Conclusion de ces premières recherches
À travers la lecture de ces différentes
enquêtes, j'ai remarqué que peu de recherches détaillaient
les raisons amenant à devenir polyamoureux. La plupart des études
sont de nature plutôt pédagogique qu'analytique ou sociologique,
et traitent de la manière dont s'organisent les modes de vie
polyamoureux, des différentes formes de polyamour, ou de la perception
du polyamour par la société ou les polyamoureux eux-mêmes.

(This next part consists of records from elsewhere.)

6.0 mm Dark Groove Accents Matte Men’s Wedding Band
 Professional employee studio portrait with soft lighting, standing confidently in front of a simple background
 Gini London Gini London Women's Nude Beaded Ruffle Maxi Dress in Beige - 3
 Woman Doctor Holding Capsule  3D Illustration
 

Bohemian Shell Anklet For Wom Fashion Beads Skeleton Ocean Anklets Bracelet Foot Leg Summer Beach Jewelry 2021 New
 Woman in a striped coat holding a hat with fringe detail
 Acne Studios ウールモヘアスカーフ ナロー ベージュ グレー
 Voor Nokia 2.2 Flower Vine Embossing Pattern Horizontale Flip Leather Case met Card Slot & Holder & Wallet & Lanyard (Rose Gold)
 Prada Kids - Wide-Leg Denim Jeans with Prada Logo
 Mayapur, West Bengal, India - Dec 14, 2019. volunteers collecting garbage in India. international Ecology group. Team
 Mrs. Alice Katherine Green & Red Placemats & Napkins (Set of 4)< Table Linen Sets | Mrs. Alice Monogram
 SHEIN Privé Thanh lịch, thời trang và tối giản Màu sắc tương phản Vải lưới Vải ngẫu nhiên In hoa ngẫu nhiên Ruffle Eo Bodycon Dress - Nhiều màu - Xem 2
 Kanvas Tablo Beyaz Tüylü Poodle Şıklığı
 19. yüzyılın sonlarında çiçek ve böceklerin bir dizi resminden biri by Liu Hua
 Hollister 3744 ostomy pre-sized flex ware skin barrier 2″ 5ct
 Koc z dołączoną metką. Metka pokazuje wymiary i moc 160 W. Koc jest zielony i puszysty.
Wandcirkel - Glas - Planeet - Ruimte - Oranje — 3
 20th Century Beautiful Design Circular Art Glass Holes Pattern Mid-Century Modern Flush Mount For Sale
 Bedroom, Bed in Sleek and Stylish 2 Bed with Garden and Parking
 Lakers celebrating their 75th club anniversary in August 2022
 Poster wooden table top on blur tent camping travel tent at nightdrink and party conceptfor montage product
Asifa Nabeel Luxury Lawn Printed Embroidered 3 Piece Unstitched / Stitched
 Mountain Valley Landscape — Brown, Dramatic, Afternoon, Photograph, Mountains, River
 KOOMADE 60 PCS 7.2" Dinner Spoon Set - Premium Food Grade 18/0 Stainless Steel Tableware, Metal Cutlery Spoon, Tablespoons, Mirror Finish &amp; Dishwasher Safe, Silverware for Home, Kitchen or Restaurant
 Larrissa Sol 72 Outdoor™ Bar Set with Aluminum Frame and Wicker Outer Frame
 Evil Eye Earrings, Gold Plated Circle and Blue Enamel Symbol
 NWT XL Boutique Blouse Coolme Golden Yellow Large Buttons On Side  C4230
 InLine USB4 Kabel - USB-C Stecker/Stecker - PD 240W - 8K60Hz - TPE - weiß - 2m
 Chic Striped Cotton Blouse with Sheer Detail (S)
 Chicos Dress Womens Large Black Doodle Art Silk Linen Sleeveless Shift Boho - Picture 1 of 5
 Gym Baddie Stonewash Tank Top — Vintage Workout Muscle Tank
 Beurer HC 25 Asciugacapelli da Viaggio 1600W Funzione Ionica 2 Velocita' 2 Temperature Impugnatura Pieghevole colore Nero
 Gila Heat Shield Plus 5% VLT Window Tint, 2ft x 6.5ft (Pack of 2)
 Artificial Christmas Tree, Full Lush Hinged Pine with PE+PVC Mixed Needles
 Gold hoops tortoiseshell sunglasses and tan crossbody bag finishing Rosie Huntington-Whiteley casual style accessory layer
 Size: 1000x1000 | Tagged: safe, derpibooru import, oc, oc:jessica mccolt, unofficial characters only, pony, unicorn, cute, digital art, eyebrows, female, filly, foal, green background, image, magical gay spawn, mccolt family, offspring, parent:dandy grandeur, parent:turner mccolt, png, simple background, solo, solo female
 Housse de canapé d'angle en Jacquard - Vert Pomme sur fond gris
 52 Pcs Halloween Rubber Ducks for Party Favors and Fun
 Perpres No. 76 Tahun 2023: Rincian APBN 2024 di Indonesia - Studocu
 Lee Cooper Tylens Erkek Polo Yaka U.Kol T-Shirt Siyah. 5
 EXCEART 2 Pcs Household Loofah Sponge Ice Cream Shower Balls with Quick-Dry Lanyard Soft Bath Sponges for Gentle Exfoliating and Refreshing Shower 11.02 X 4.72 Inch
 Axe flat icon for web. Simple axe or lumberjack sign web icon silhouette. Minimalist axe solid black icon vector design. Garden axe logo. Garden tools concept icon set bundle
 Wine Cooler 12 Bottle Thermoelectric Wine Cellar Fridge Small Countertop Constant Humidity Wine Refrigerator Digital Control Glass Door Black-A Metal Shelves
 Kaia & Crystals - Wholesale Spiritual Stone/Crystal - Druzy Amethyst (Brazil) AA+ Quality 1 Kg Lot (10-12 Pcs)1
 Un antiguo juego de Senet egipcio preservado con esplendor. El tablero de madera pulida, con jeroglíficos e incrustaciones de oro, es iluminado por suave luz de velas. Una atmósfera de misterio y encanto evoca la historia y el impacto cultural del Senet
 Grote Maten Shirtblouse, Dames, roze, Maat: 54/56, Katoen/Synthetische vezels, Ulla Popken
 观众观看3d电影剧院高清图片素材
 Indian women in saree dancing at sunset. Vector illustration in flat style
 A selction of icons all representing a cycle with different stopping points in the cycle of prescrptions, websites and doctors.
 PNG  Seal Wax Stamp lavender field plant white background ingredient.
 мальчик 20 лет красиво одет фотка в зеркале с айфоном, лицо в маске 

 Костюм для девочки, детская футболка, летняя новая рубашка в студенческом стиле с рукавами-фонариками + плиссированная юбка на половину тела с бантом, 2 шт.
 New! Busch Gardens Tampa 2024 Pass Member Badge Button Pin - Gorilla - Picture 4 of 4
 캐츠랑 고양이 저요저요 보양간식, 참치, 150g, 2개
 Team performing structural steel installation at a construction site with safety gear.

Il existe très peu de données quantitatives fiables, que ce soit
pour le polyamour (ce qui est assez compréhensible au vu de la
"nouveauté" du sujet et du fait qu'il ne concerne aujourd'hui qu'une
part très réduite de la population) ou encore pour
l'infidélité (paradoxalement ici de par sa conception assez tabou
et universellement connue de tous, posant la problématique de la
pertinence de sa définition exacte).
En outre, il n'y a quasiment aucune donnée qualitative
scientifique traitant des raisons et des trajectoires de vie amenant à
devenir et se revendiquer polyamoureux, alors que le polyamour est avant tout
une réflexion résultant de trajectoires de vie et
d'expériences significatives (Sheff, 2014 : «Polyamory is not
usually the first step outside of the box», soit la première
«sortie de la norme» pour un individu). Ainsi l'objectif de mes
recherches sera d'enrichir et consolider l'investigation scientifique de cette
mouvance en étudiant les trajectoires de vie et les raisons amenant
à devenir polyamoureux; soit répondre à la
problématique suivante : quels sont les parcours de vie des personnes
polyamoureuses ?
5 «We estimated the prevalence of polyamory when
it was defined as: 1) an identity, 2) relationship beliefs/preferences, 3)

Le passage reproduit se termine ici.